Geçen hafta Sabit Fikir, ünlü simaların kütüphaneleri başlıklı bir yazı hazırlamış, okumadıysanız buradan buyrun. Buradan yola çıkarak pek çok şey tartışabiliriz elbette; kütüphaneleri kendi başlarına birer nesne olarak tartışabileceğimiz gibi barındırdıkları olasılıklar dahilinde değerlendirebiliriz; Umberto Eco ve J.C. Carriére'nin kitaplaştırılmış sohbetlerinde (Kitaplardan Kurtulabileceğinizi Sanmayın, Can Yayınları, çeviren: Sosi Dolanoğlu) belirtildiği gibi mesela: "Bir kütüphane okuduğumuz ya da günün birinde okuyacağımız kitaplardan oluşmaz ille de..." Borges cenneti bir kütüphane olarak hayal ederken bir başkası kütüphanesini mutfağı ya da banyosundan bir tık üstte bir mekan olarak algılayabilir, olasılıklar sınırsız, hele kitaplar söz konusu ise.
Dünden beridir sardırdığım Takvim-i Ragıp, bu haftanın kütüphaneler haftası olduğunu anımsatıyor bizlere. Öyleyse, istikamet, raflar olsun yine.
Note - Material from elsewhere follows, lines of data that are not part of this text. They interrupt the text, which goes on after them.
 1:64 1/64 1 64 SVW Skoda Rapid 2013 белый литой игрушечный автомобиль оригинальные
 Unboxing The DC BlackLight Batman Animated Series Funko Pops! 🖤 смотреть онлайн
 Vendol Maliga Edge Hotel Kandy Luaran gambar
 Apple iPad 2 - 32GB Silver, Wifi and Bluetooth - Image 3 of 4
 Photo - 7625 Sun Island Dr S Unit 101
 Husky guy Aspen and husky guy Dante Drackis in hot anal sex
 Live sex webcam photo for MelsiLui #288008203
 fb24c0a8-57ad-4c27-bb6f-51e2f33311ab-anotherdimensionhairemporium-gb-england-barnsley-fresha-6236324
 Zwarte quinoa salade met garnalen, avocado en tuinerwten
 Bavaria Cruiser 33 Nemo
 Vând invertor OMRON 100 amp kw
Kütüphane yalnızca düzen ve karmaşa yeri değildir; aynı zamanda rastlantılar dünyasıdır. Onlara bir raf ve bir numara verildikten sonra bile kitaplar kendi hareketlerini sürdürürler. Kendi başlarına bırakılınca umulmadık şekilde bir araya gelirler. (...) Bazı geceler kitapların adsız olduğu, herhangi bir yazarla övünmediği, içinde bütün edebi tarzların, bütün üslupların, bütün öykülerin birbirne yaklaştığı ve kahramanlarla mekanların tanınmadığı, dilediğim noktasında içine atlayabileceğim sürekli bir anlatı pınarı oluşturan baştan aşağı anonim bir kütüphane düşlerim.